• What to produce
The lines wanted are those from the one containing "2nd image of" to the last line of the entries below; output them exactly, leaving out pictures.

[Opening Data listing section]

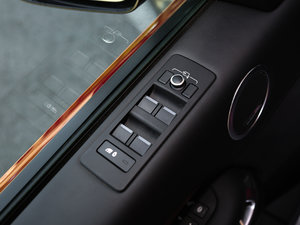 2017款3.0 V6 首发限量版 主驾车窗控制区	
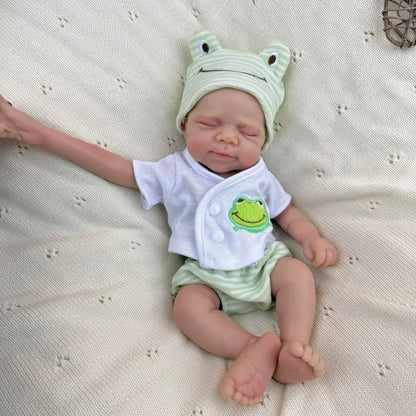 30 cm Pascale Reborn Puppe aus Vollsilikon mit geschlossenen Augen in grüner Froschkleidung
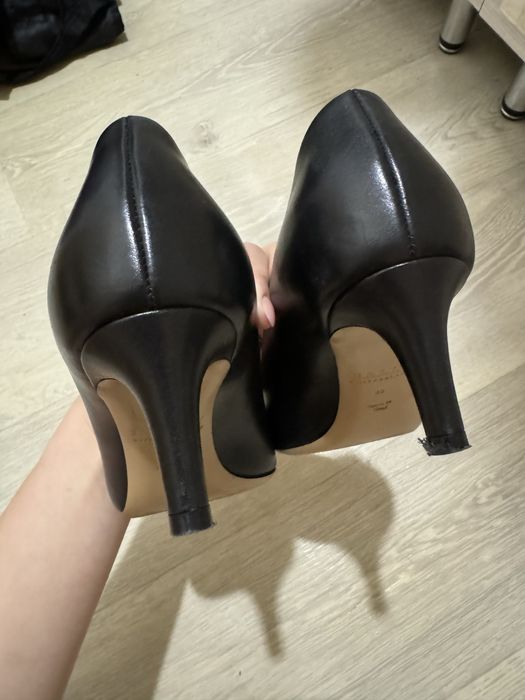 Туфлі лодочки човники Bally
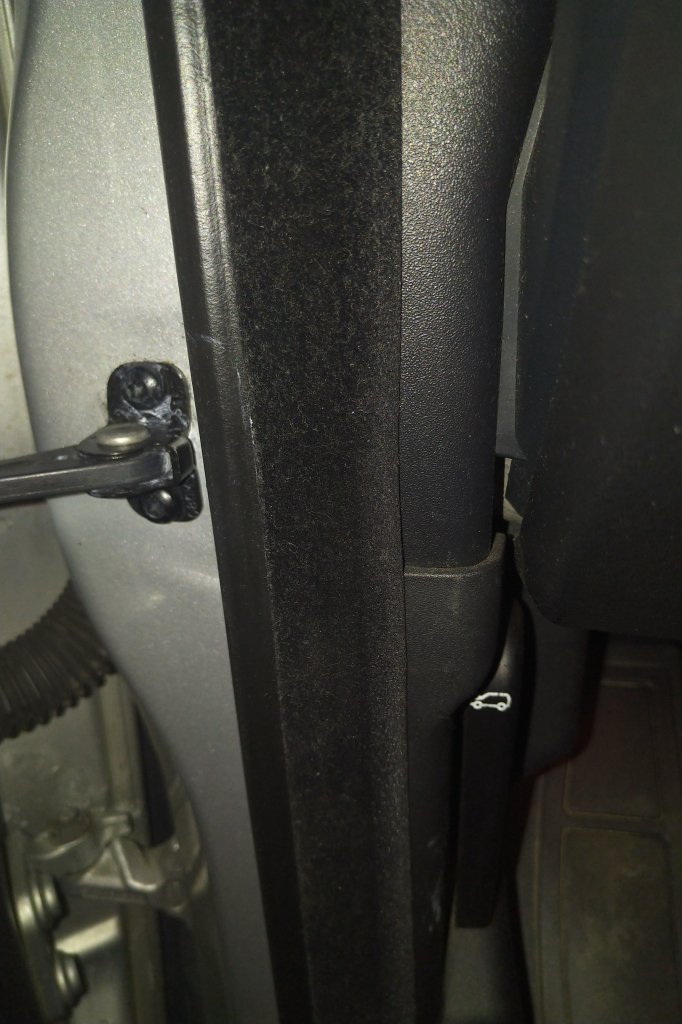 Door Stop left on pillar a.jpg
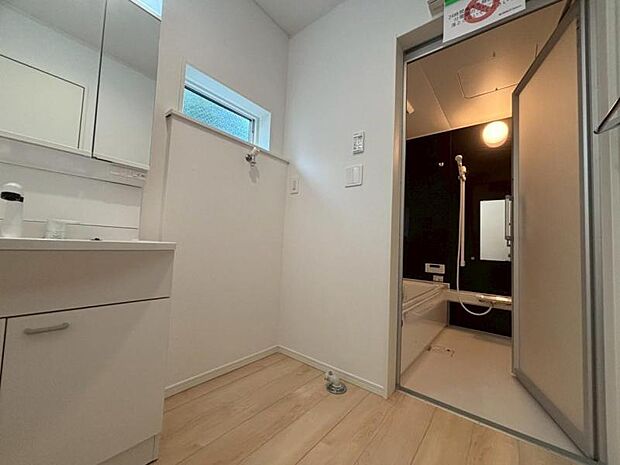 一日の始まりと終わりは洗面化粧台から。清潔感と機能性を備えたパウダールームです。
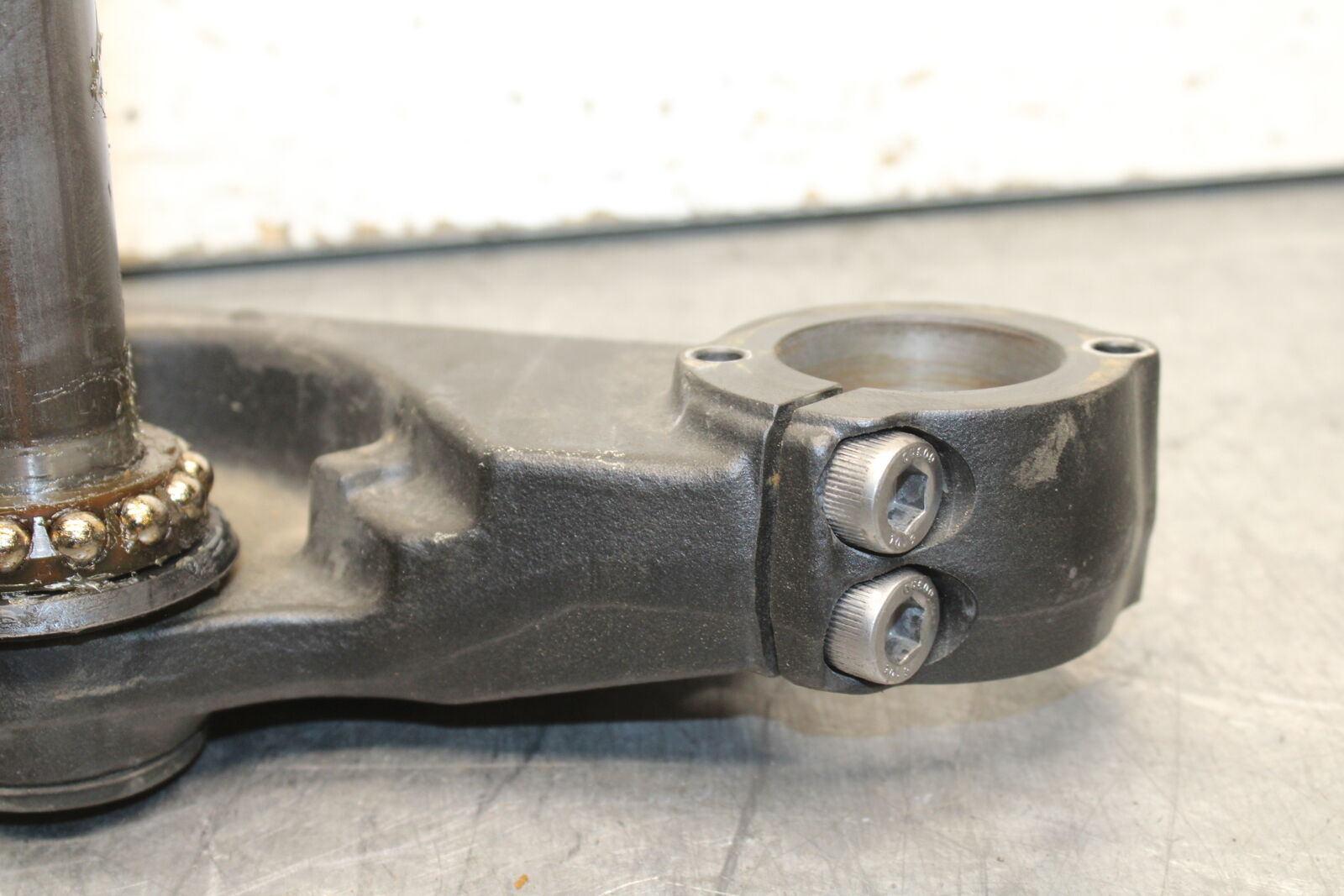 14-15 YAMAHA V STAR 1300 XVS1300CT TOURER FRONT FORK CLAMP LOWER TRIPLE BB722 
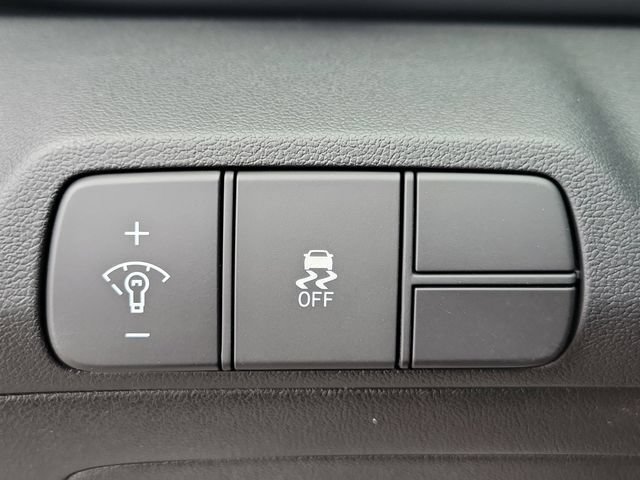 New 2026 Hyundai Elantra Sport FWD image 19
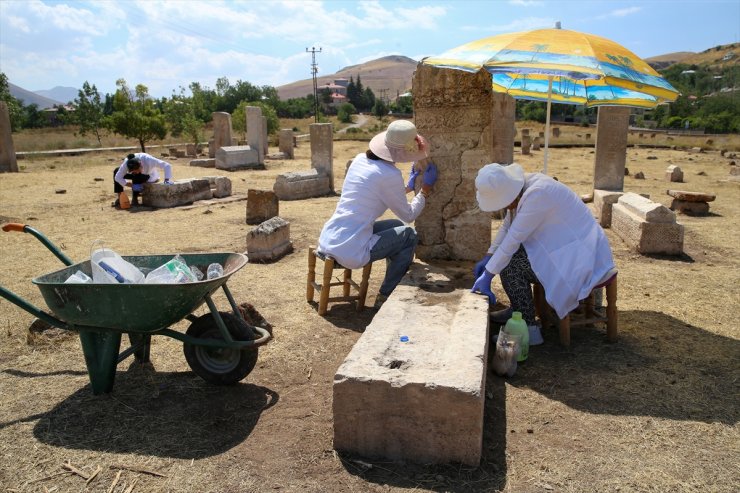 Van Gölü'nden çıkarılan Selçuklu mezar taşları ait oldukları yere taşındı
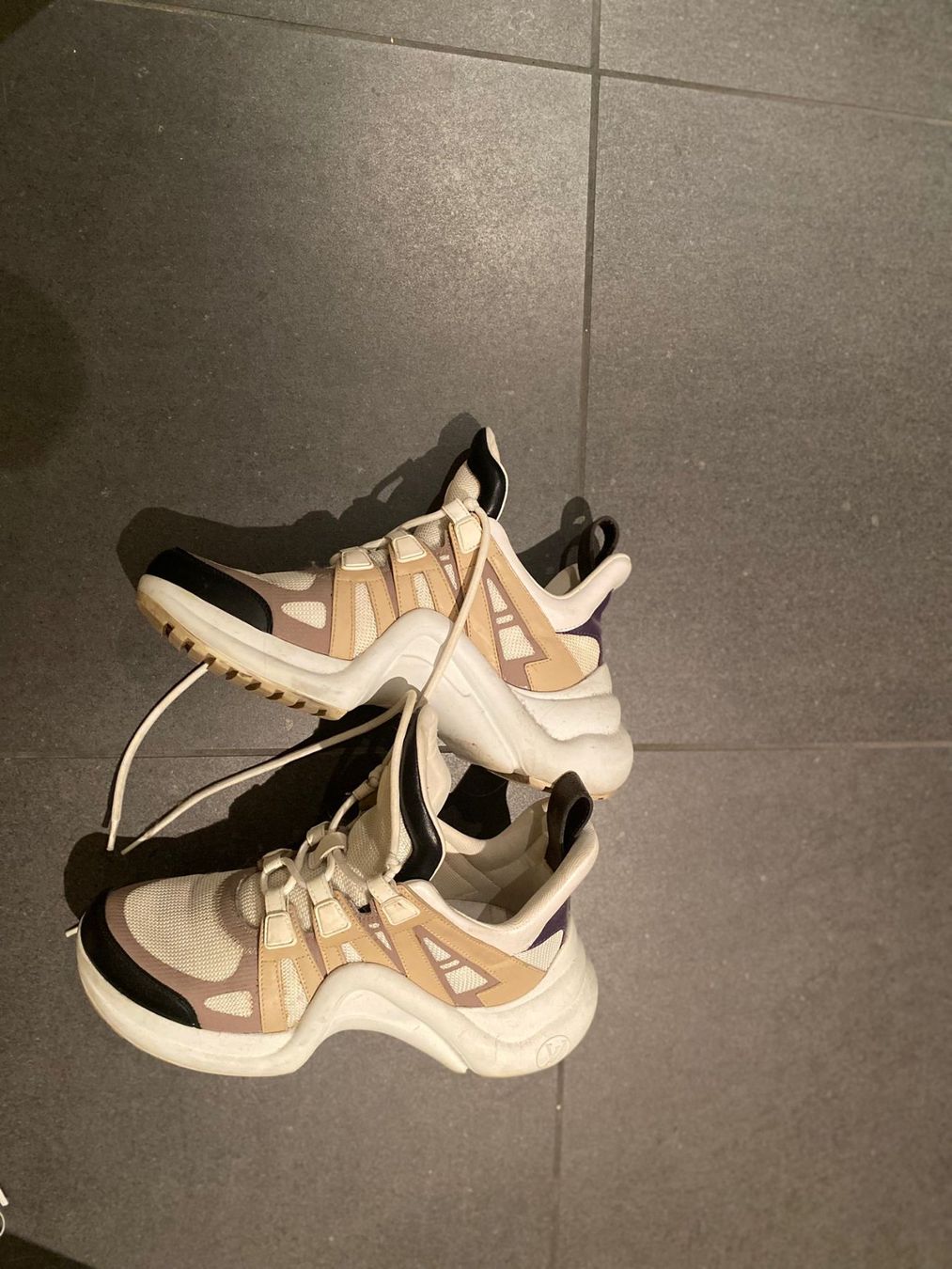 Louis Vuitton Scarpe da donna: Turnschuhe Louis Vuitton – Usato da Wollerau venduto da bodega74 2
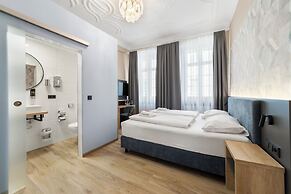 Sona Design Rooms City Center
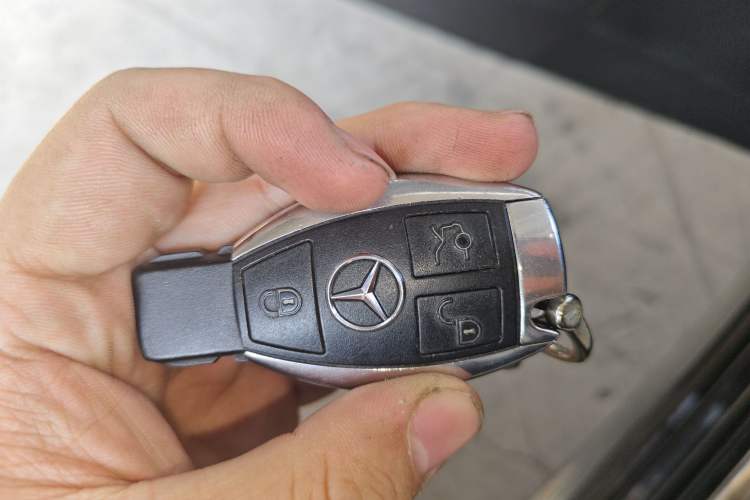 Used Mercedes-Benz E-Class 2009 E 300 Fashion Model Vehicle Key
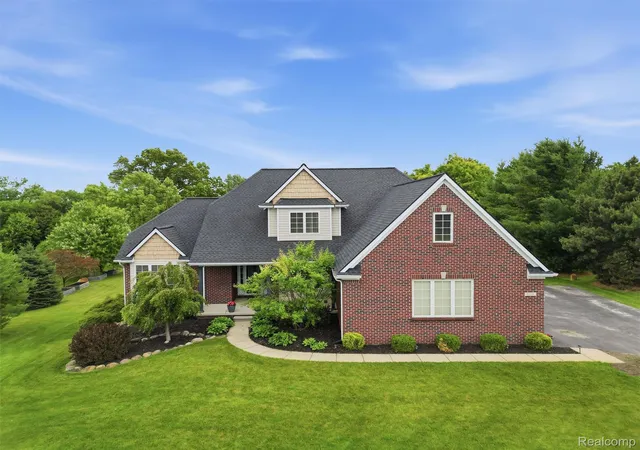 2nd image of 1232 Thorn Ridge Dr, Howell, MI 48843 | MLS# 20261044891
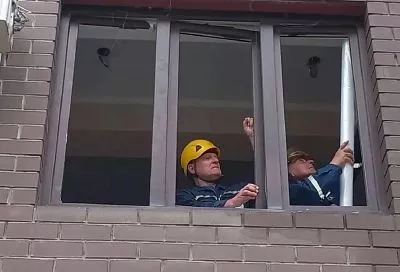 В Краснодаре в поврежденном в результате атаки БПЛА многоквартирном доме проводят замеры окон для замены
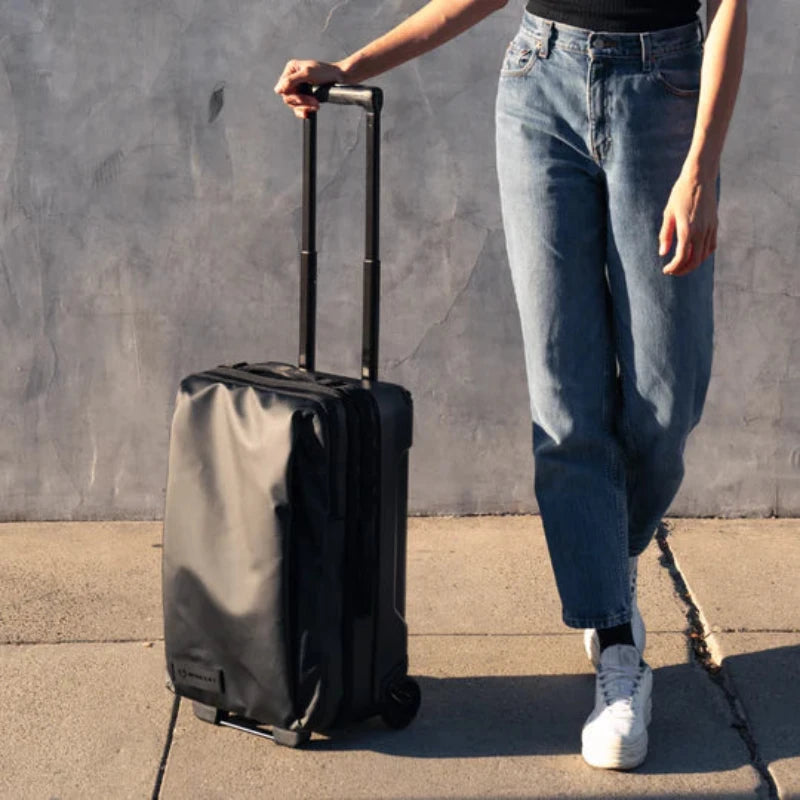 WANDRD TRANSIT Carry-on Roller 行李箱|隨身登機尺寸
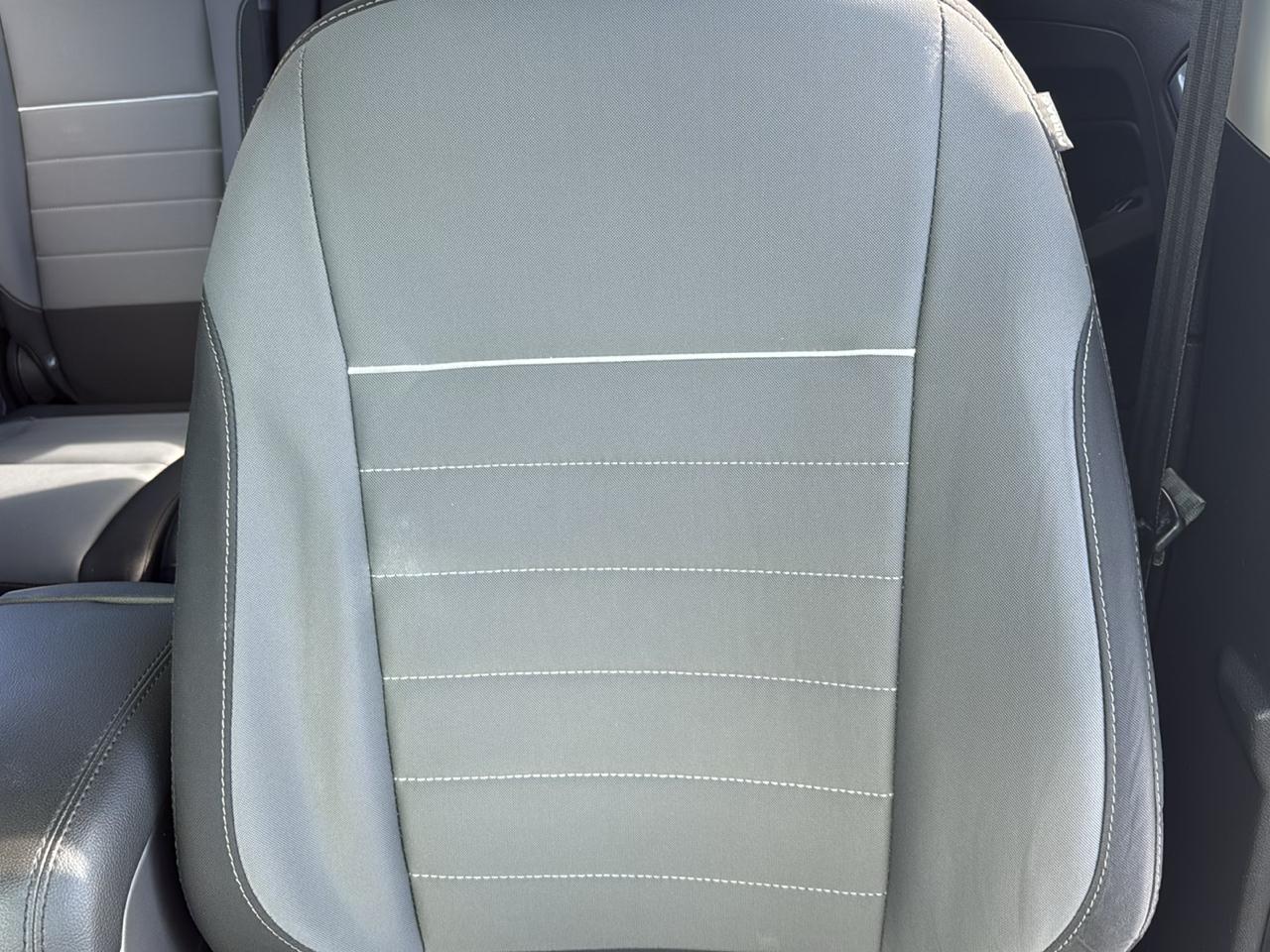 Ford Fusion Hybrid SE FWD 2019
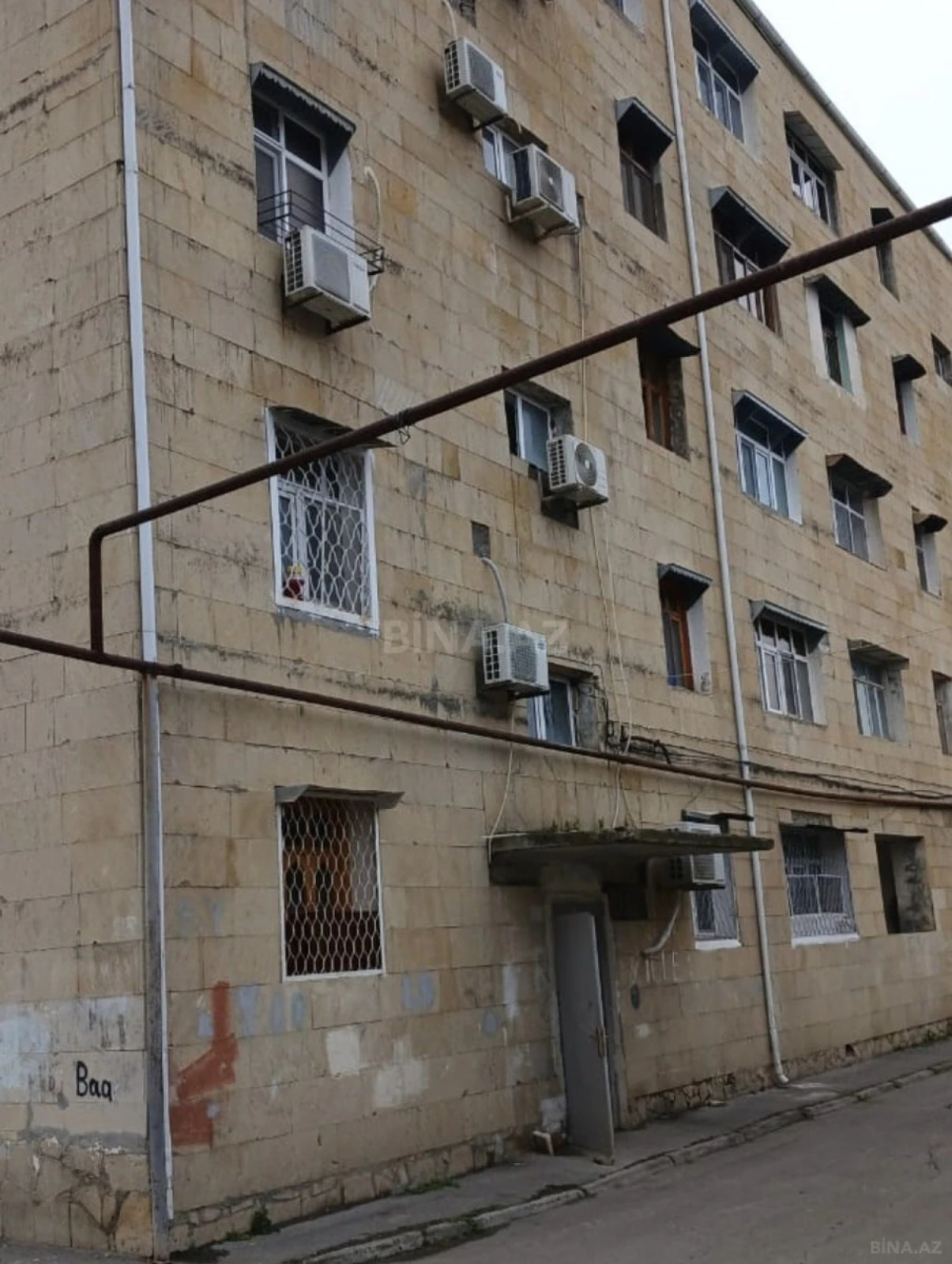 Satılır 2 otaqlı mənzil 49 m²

[Closing Data listing section]

• Your response
 2nd image of 1232 Thorn Ridge Dr, Howell, MI 48843 | MLS# 20261044891
 В Краснодаре в поврежденном в результате атаки БПЛА многоквартирном доме проводят замеры окон для замены
 WANDRD TRANSIT Carry-on Roller 行李箱|隨身登機尺寸
 Ford Fusion Hybrid SE FWD 2019
 Satılır 2 otaqlı mənzil 49 m²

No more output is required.